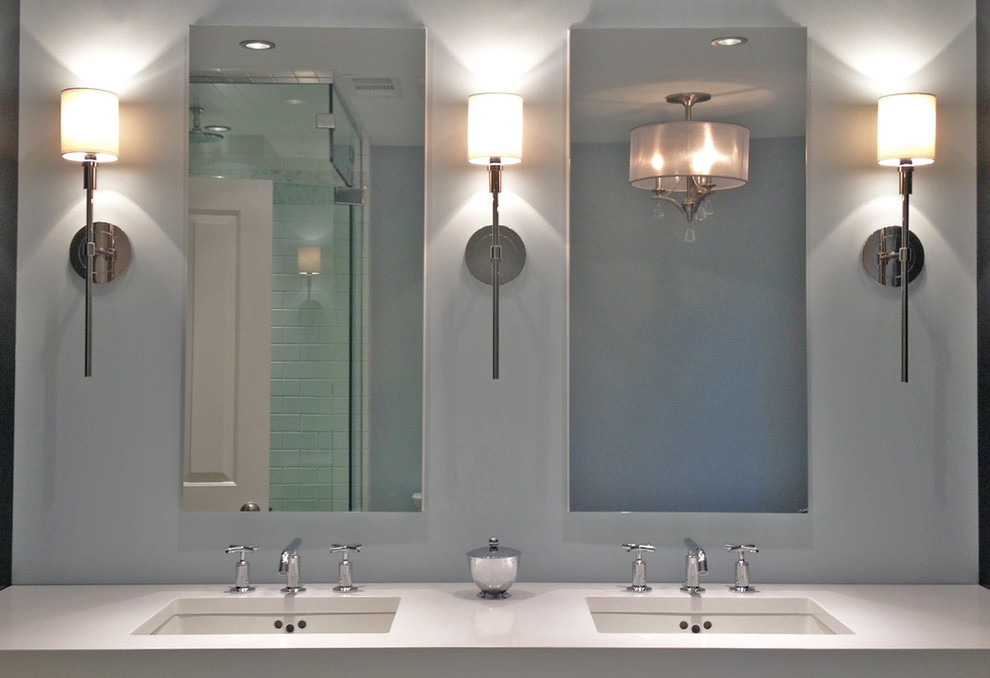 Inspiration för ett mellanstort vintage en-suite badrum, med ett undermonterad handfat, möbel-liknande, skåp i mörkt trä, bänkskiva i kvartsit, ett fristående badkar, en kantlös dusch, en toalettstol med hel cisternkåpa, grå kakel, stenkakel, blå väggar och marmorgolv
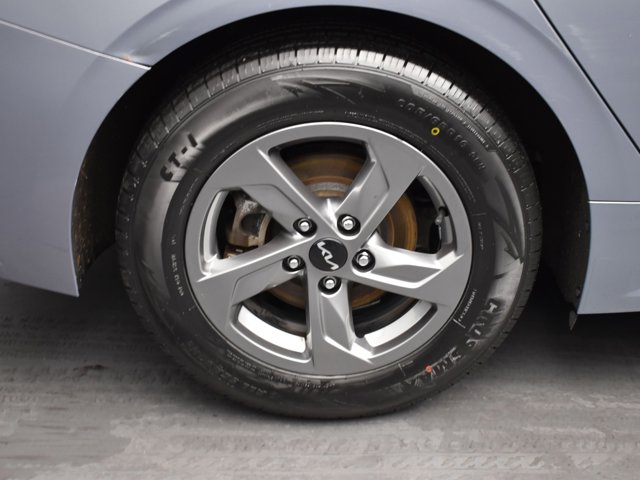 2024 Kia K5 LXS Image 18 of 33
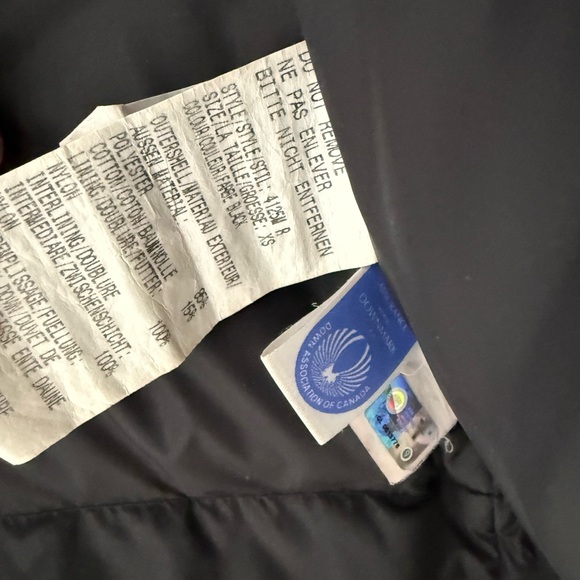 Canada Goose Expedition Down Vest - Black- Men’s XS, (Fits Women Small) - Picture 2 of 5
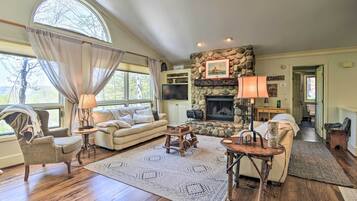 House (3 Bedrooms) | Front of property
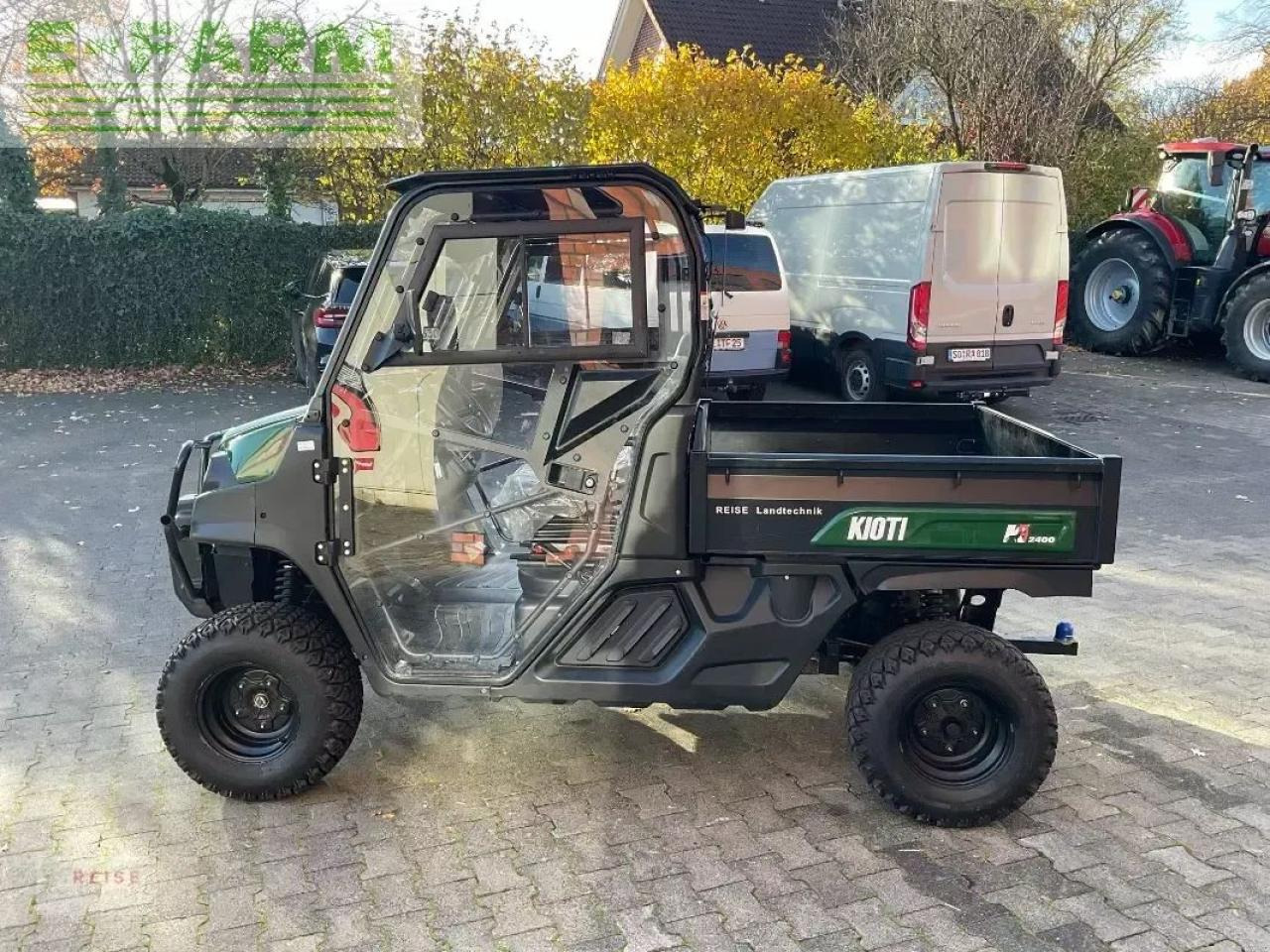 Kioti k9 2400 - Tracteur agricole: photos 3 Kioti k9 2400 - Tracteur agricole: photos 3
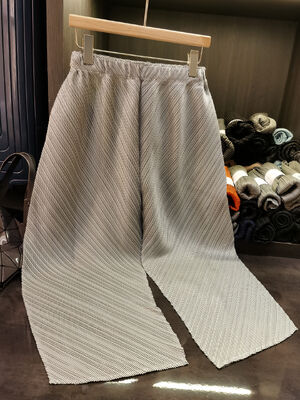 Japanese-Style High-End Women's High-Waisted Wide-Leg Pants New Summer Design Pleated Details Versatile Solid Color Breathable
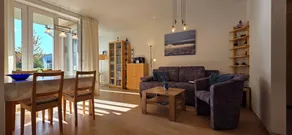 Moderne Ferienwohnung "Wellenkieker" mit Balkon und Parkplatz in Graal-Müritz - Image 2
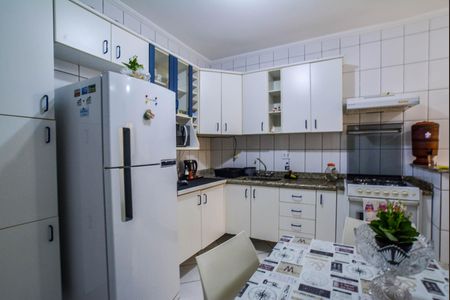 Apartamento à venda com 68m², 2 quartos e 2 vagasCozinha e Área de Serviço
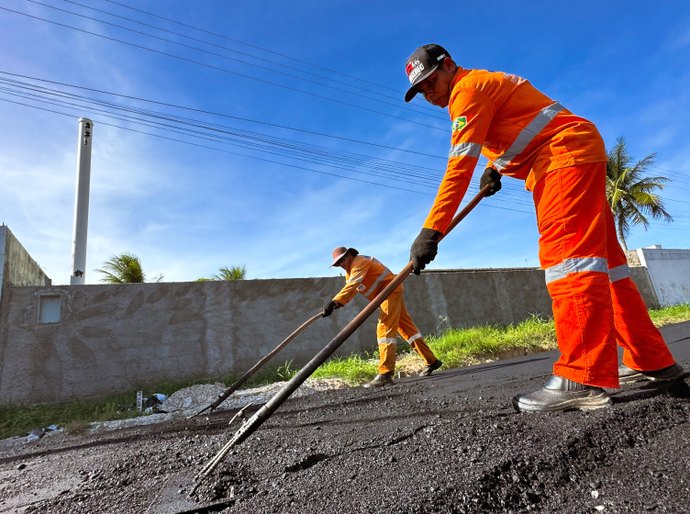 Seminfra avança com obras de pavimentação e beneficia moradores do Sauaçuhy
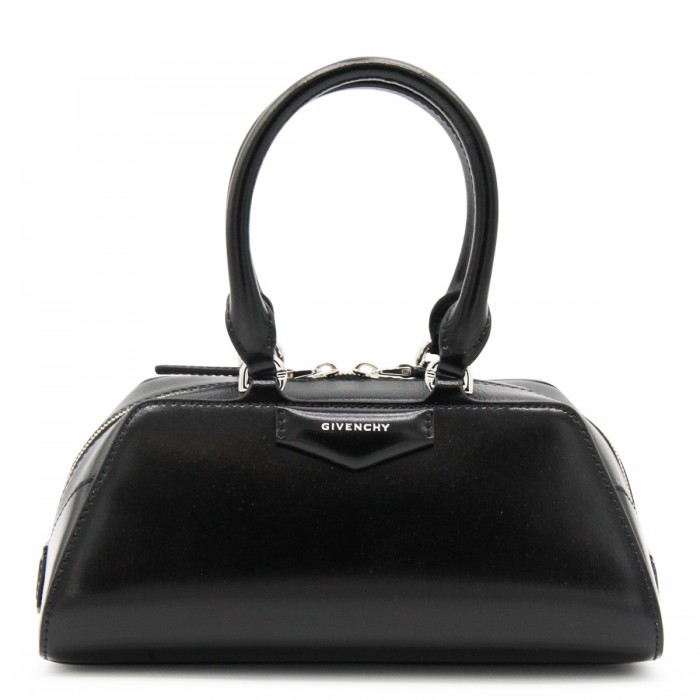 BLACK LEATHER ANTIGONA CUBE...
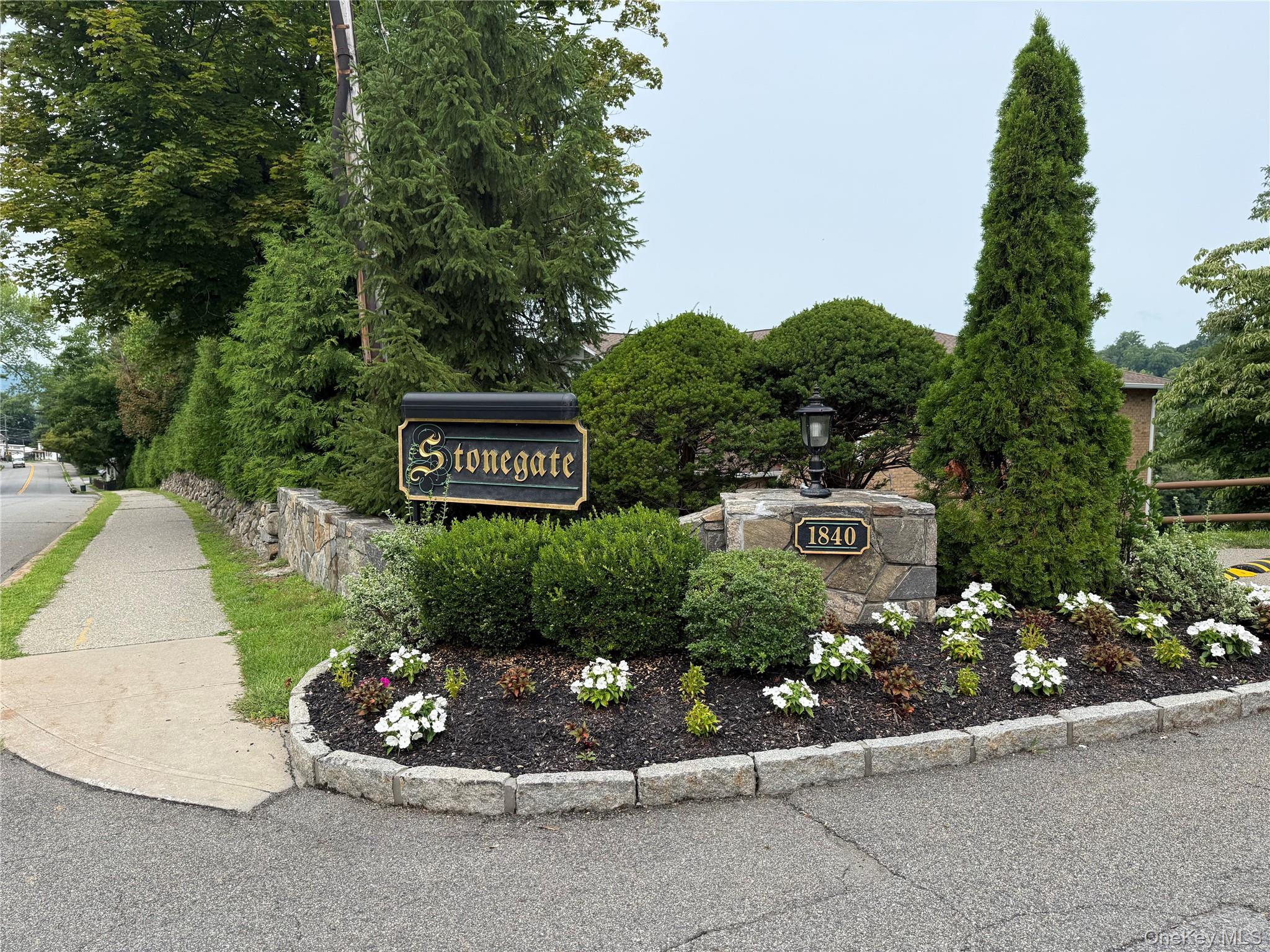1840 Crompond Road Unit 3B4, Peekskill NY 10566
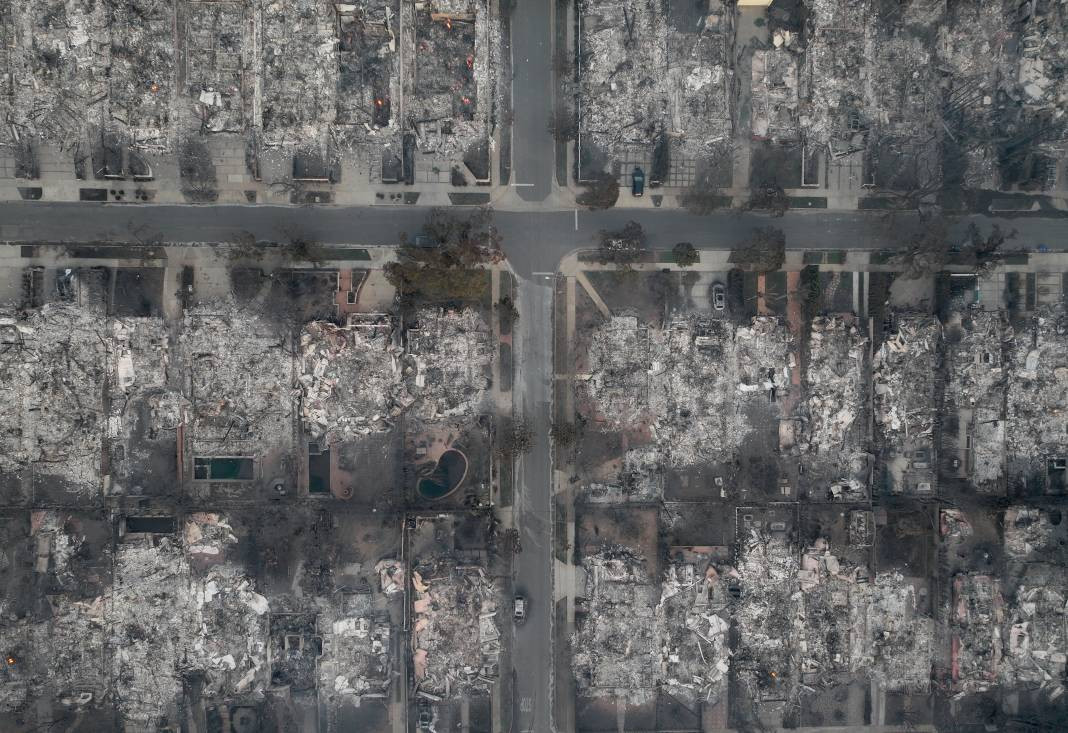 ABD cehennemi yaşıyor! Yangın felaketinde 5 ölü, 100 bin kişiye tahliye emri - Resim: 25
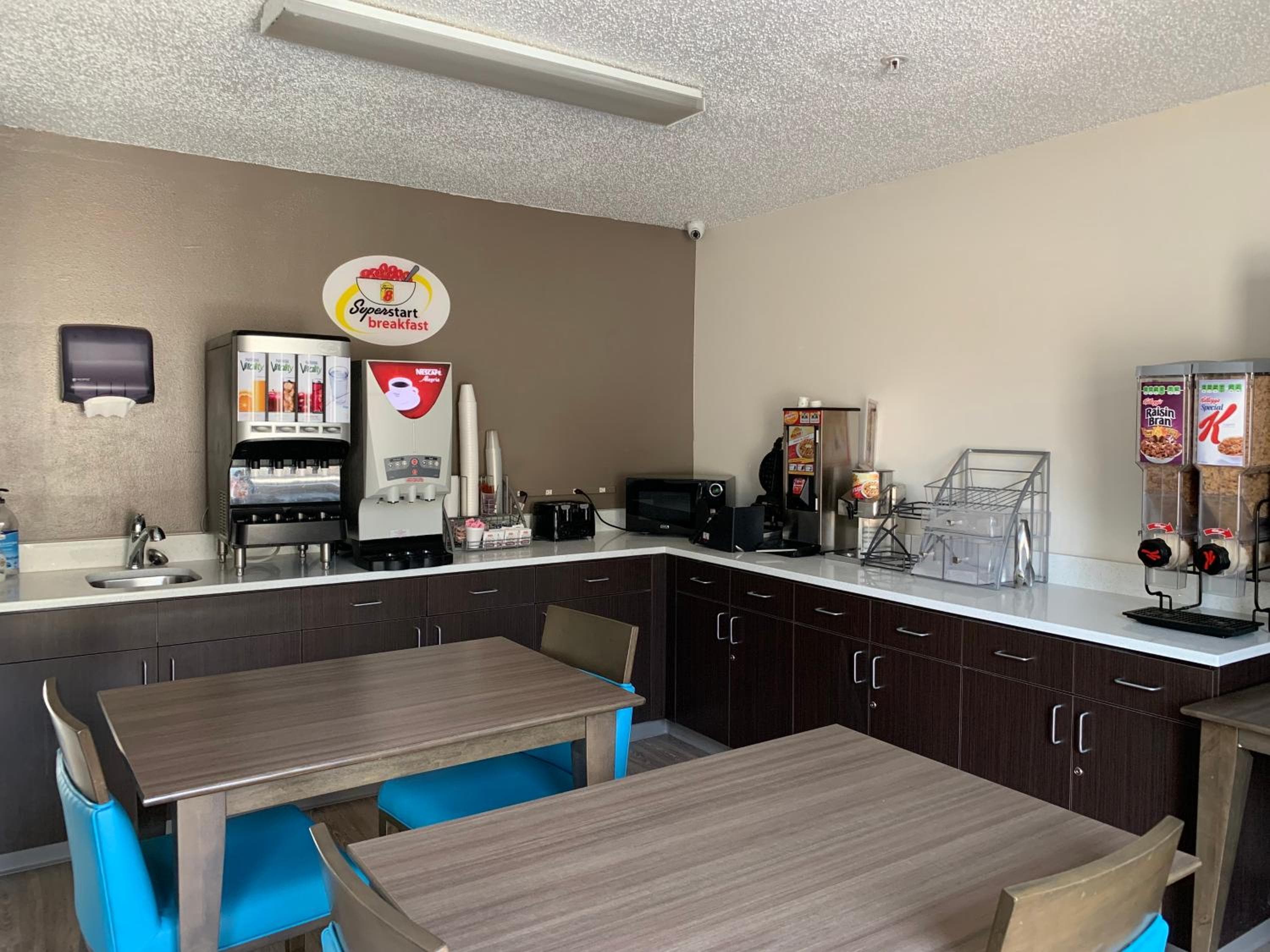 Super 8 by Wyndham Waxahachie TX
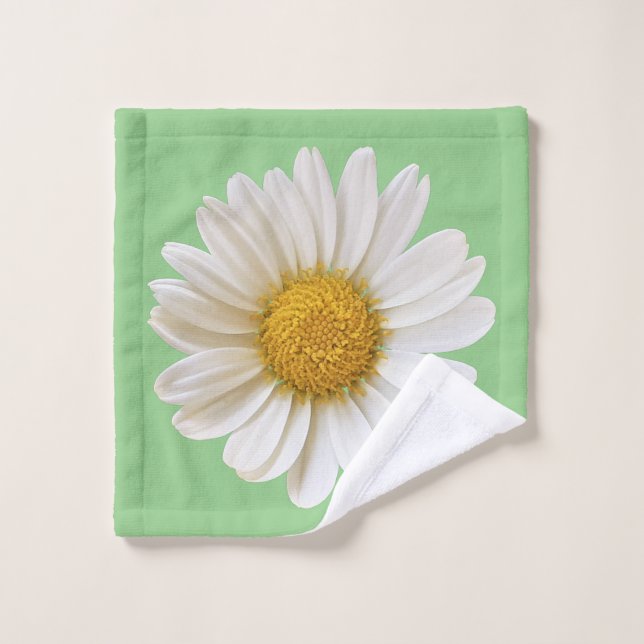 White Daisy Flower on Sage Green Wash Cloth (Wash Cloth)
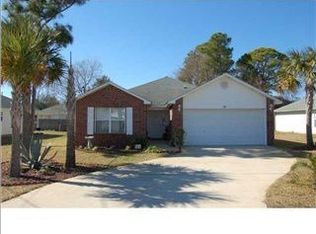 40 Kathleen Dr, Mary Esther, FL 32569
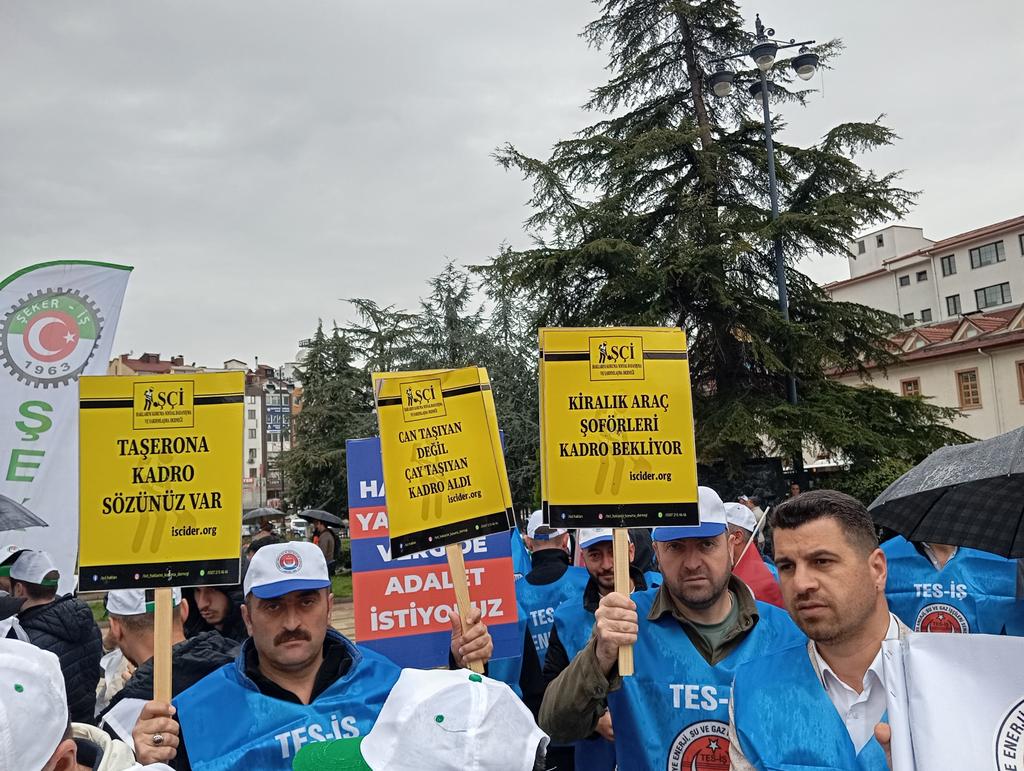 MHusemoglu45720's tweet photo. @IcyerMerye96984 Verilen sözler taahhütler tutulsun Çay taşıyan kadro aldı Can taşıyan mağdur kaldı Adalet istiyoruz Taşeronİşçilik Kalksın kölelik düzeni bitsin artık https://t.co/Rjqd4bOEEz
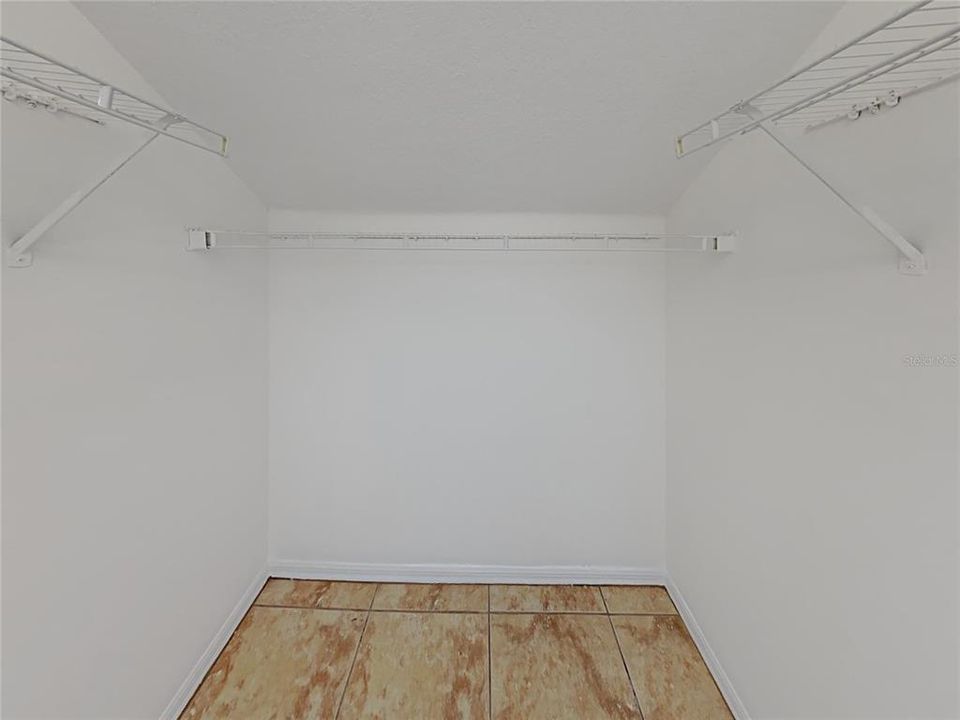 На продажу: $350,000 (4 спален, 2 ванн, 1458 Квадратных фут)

= Problem =
Print the material above exactly as it appears, but not its pictures.

= Result of the exercise =
 Inspiration för ett mellanstort vintage en-suite badrum, med ett undermonterad handfat, möbel-liknande, skåp i mörkt trä, bänkskiva i kvartsit, ett fristående badkar, en kantlös dusch, en toalettstol med hel cisternkåpa, grå kakel, stenkakel, blå väggar och marmorgolv
 2024 Kia K5 LXS Image 18 of 33
 Canada Goose Expedition Down Vest - Black- Men’s XS, (Fits Women Small) - Picture 2 of 5
 House (3 Bedrooms) | Front of property
 Kioti k9 2400 - Tracteur agricole: photos 3 Kioti k9 2400 - Tracteur agricole: photos 3
 Japanese-Style High-End Women's High-Waisted Wide-Leg Pants New Summer Design Pleated Details Versatile Solid Color Breathable
 Moderne Ferienwohnung "Wellenkieker" mit Balkon und Parkplatz in Graal-Müritz - Image 2
 Apartamento à venda com 68m², 2 quartos e 2 vagasCozinha e Área de Serviço
 Seminfra avança com obras de pavimentação e beneficia moradores do Sauaçuhy
 BLACK LEATHER ANTIGONA CUBE...
1840 Crompond Road Unit 3B4, Peekskill NY 10566
 ABD cehennemi yaşıyor! Yangın felaketinde 5 ölü, 100 bin kişiye tahliye emri - Resim: 25
 Super 8 by Wyndham Waxahachie TX
 White Daisy Flower on Sage Green Wash Cloth (Wash Cloth)
 40 Kathleen Dr, Mary Esther, FL 32569
 MHusemoglu45720's tweet photo. @IcyerMerye96984 Verilen sözler taahhütler tutulsun Çay taşıyan kadro aldı Can taşıyan mağdur kaldı Adalet istiyoruz Taşeronİşçilik Kalksın kölelik düzeni bitsin artık https://t.co/Rjqd4bOEEz
 На продажу: $350,000 (4 спален, 2 ванн, 1458 Квадратных фут)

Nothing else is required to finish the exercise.